**Required action**
Everything from the line containing "Audruicq : un" through the final line below must be output exactly, both ends included, with nothing else and no pictures.

**Data excerpt**
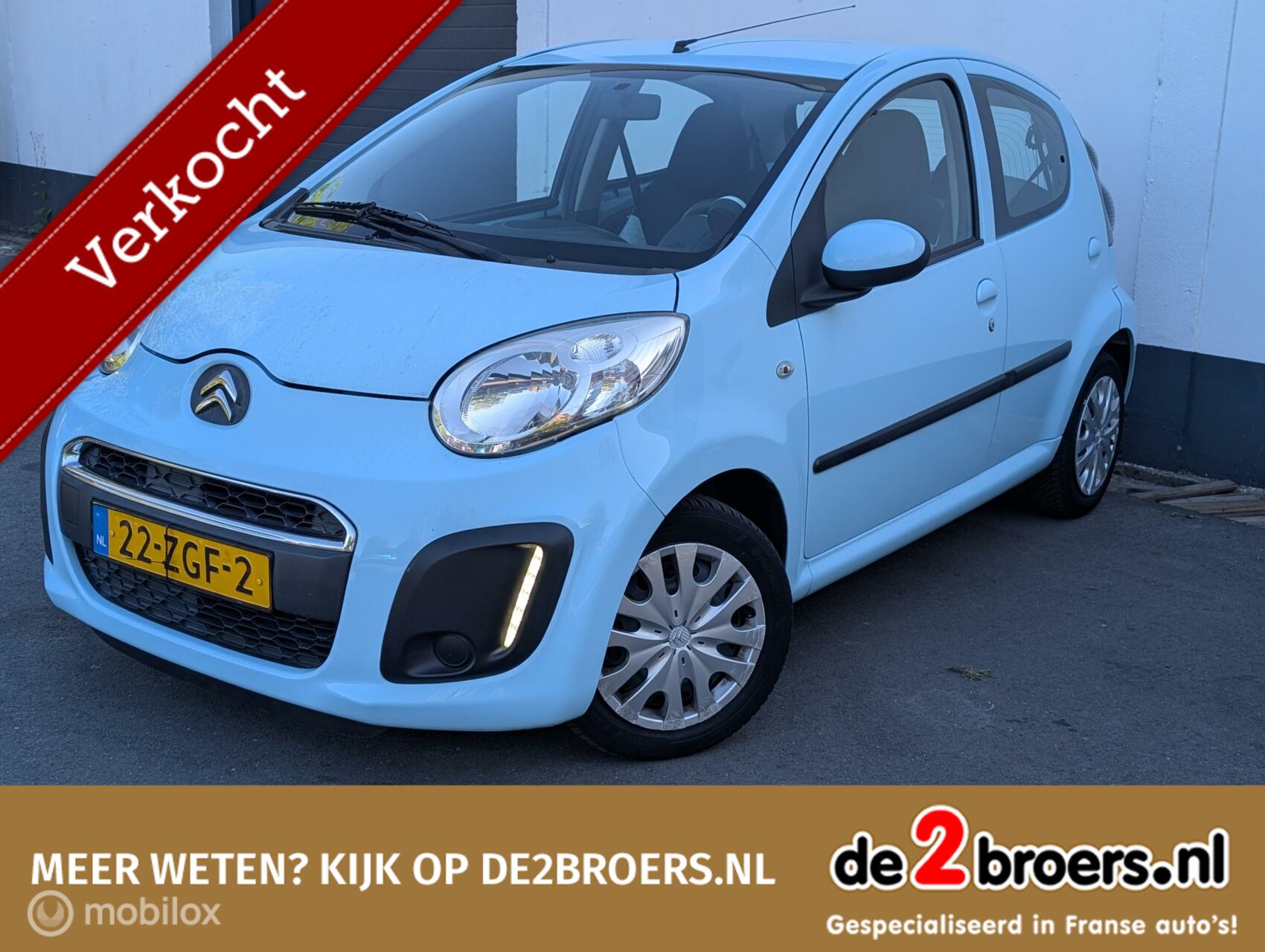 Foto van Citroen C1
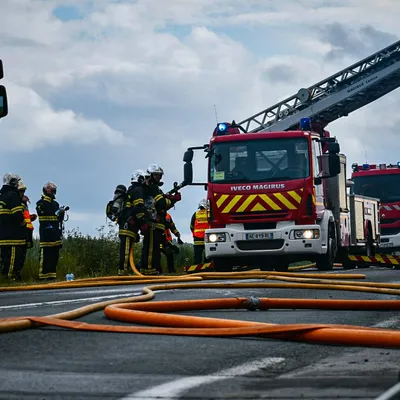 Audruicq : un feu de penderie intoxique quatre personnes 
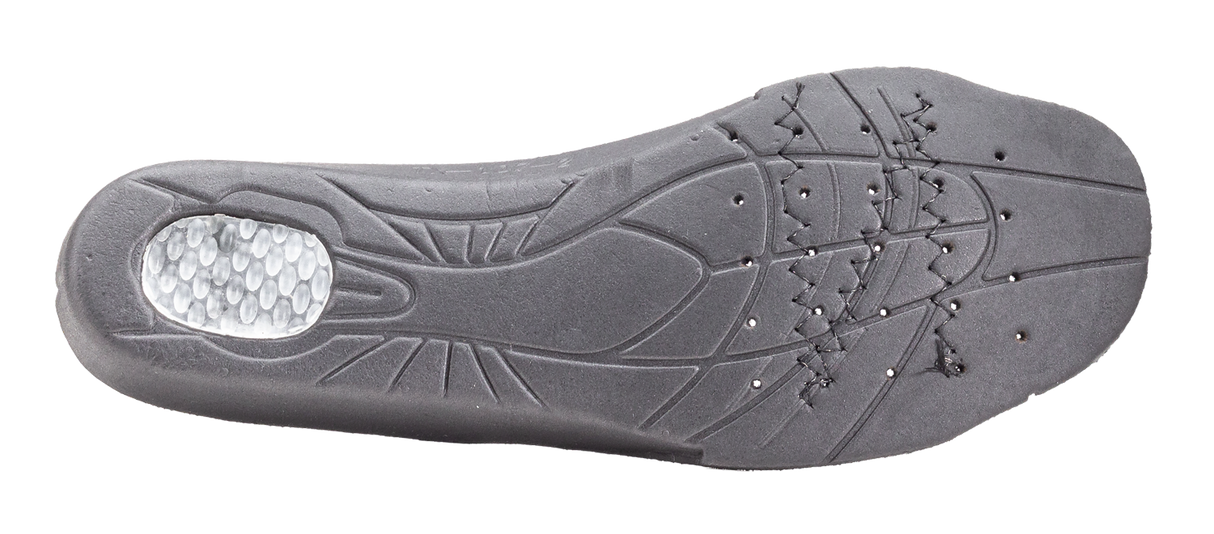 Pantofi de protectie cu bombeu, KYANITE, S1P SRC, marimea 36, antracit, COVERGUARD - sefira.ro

**The answer**
 Audruicq : un feu de penderie intoxique quatre personnes 
 Pantofi de protectie cu bombeu, KYANITE, S1P SRC, marimea 36, antracit, COVERGUARD - sefira.ro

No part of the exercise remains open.